Tuesday, December 1, 2015

Recursively Extensible Open Addressing Hash Table

There are two common ways to implement a hash table: open addressing and separate chaining. Both use a hash function to map keys to indices within an array for fast lookup. They differ in the conflict resolution strategy when multiple keys map to the same index. Upon conflict, open addressing searches for the next available index in the array through a probing policy such as linear probing (increment index by the number of probing attempts), quadratic probing (add index by the number of probing attempts squared), or by enumerating through different hash functions. Separate chaining avoids conflict by maintaining keys of the same index as a linked list.
Open Addressing
Separate Chaining
Both tables can be subject to O(n) lookup for a naive implementation when there are many collisions. A better one would dynamically resize the array depending on the load factor, but resizing is an expensive operation. For separate chaining, performance degradation can also be mitigated by using a balanced binary search tree instead of a linked list. Since the worst case access time is bound to O(lg n), it can retain some efficiency without resizing.

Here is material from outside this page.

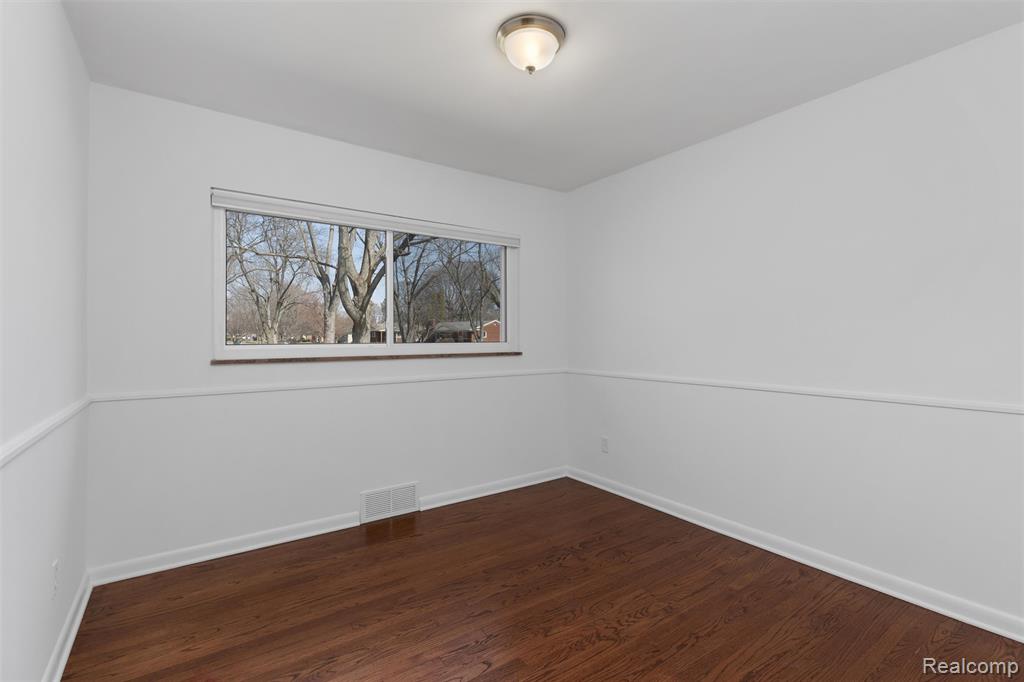 16115 Reedmere Avenue, Franklin, MI 48025 — Photo 40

So far, this is text book material prior art.

In terms of cache efficiency, separate chaining has the disadvantage that list nodes may be scattered, so accessing the list can cause many cache misses. Open addressing is more cache friendly because the key and values are stored in a contiguous array. The question is: can we do away without resizing like separate chaining, but enjoy the cache efficiency of open addressing?

Yes we can. Here I introduce the recursively extensible open addressing hash table.
A recursively extensible open addressing hash table keeps the key/value in the table, but also reserves a pointer to an extension subtable per entry. To resolve conflict, it would first probe within the same table for an available slot but limited to k tries with a small k. If the search fails, then it would descend to the extension subtable at the original hashed index, creating the subtable only if necessary. It would use an orthogonal hash function to compute the index within this subtable, repeat the probing, and descend if necessary.

An orthogonal hash function is linearly independent (in the linear algebra sense) to the hash functions used in parent tables. An easy way to compute the orthogonal hash is to consider a universal hash function producing a 32-bit unsigned integer output. The first level hash table has 256 entries, and the index is based on the value in the 8 least significant bits. The second level tables also have 256 entries, with index drawn from the next 8 bits, and so on for the third and fourth levels.

As for the probing policy, we could use any policy like any open addressing hash table would, but linear probing has the best cache locality, and it is sufficient to achieve high load factor without compromising lookup performance. That is because the subtables all enjoy O(1) access as well.